Walker spy ring and the KGB
The Viginian-Pilot newspaper reports this week on the Walker Spies and where they are imprisoned. Call it the long wait. Not having any sympathy for spies I have even less sympathy for Oleg Kalugin who claims to be retired as a Soviet KGB general. General Kalugin rose quickly in the First Chief Directorate and became the head of worldwide foreign conterintelligence (Line KR). He served at the center of some of the most important espionage cases of his period, one of which was the Walker spy ring which credited Kalugin with his aggressive operational methodology. Not good enough. They were caught and we should be asking ourselves who did we really catch? Why isn't Kalugin in prison for his role in the Walker spy ring?
Kalugin has taught at the The Centre for Counterintelligence and Security Studies (note; the spelling of 'Centre'). Kalugin has also taught at the Catholic University and travels throughout the country lecturing. There's much more to this picture. While the Walker spy ring wiles away the hours of their broken lives in prison, Kalugin continues to represent himself as a reformed intelligence officer spy.

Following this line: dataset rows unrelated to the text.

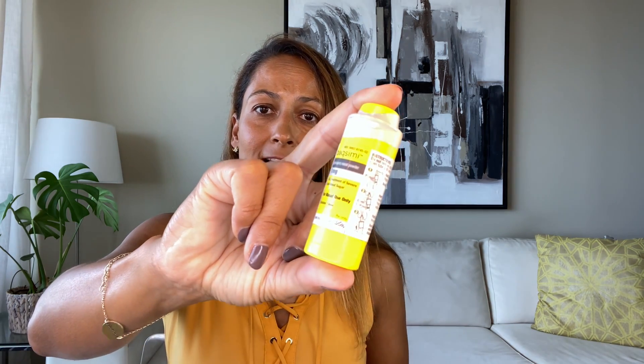Baximi is a dry nasal powder form of glucagon — this is an actual Baximi product. You don't need to inhale Baximi; it gets absorbed through the nose, which means it should work on people who are passed out as well.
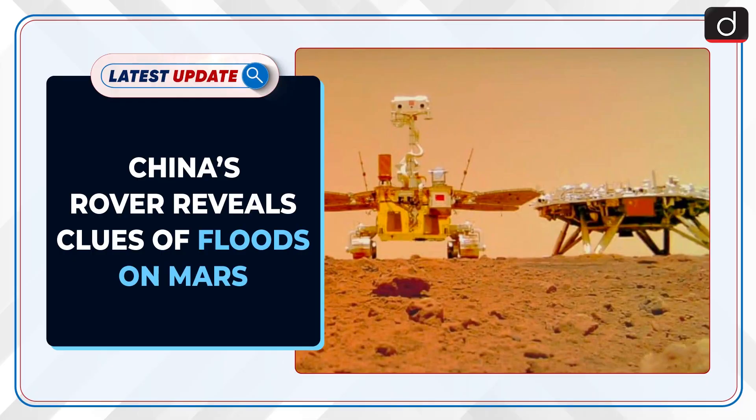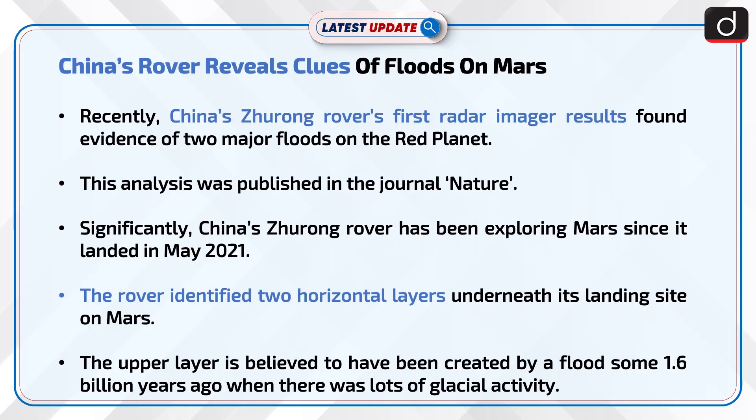Welcome to the latest update program. The topic of discussion is China's rover reveals clues of floods on Mars. China's Zhurong rover's first radar imager results found evidence of two major floods on the red planet. This analysis was published in the journal Nature.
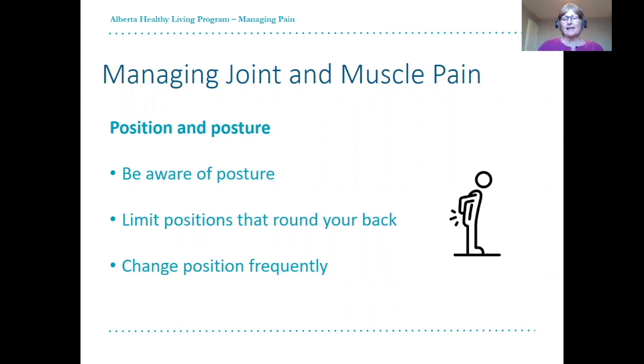Throughout the day, try to change positions frequently — for example, every 30 to 60 minutes — and limit the amount of time you stay in any one position.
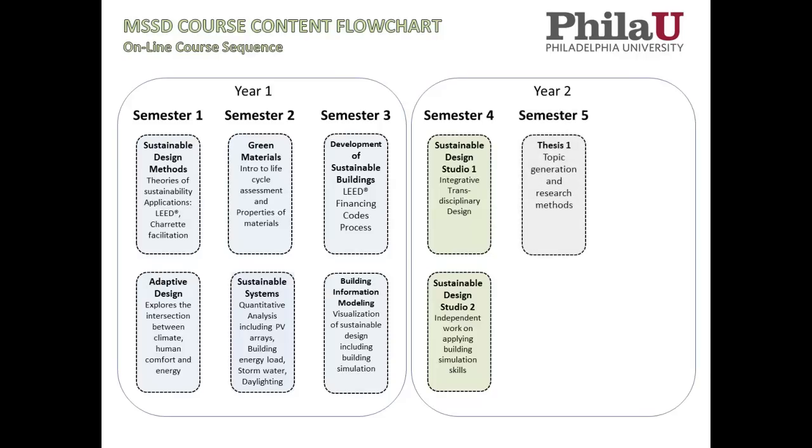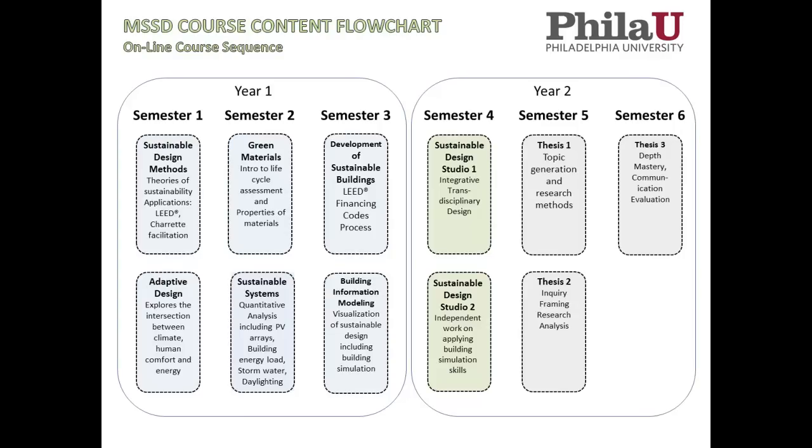Then we get into our nine-credit thesis sequence, which is a very unique aspect of our program. Sustainability is a very broad and interesting topic, and students need to find their own pathways to success — either by augmenting their existing skill sets to excel in their firms, or to begin a new career. Thesis one looks at topic generation and research methods; thesis two looks at inquiry framing, research, and analysis — these are independently driven topics that we support. In the last semester, thesis three, we get into depth, mastery, communication, and evaluation, and that's where we get your thesis ready to be shown to the public.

Federal Security Service (FSB) Director Nikolai Patrushev has charged that foreign governments are using non-governmental organizations for espionage and to promote changes of government in former Soviet republics. According to the Itar-TASS news agency, Patrushev has named the U.S. Peace Corps, which pulled out of Russia in 2003 amid spying allegations, the Saudi Red Crescent, and British and Kuwaiti aid groups among the NGOs possibly used by foreign intelligence services. Peace Corps spokeswoman Barbara Daly dismissed Patrushev’s charges as “completely baseless, without merit and not true,” the Associated Press reports.
Last week the Pentagon released proposals for a consolidated brig at the Naval Support Activity Northwest Annex in Chesapeake. It is believed that it will make the best use of taxpayers dollars by creating five joint facilities across the country. Although the defense department recommendations won't be finalized until later this year the approximate cost of building the facility in Chesapeake Virginia will be $14 million but the cost to the environment has not yet been determined.
More importantly we may be paying more for our national security than has ever been accounted for just having the likes of Oleg Kalugin and Yevgeni Primacov in our nations Capitol. No doubt Kalugin knew more about the USS Americas cruises than many of our sailors. Under a highly secret sinking the CVN66 America went down last weekend in the Atlantic. I attended her commissioning in Norfolk in 1965. Somewhere in the Atlantic after a classified test to discover what it would take to scuttle a behemoth the size of the America she was sunk. She was the largest warship ever sunk by any means in war or peace and hopefully her replacement will also be commissioned 'America' in 2008.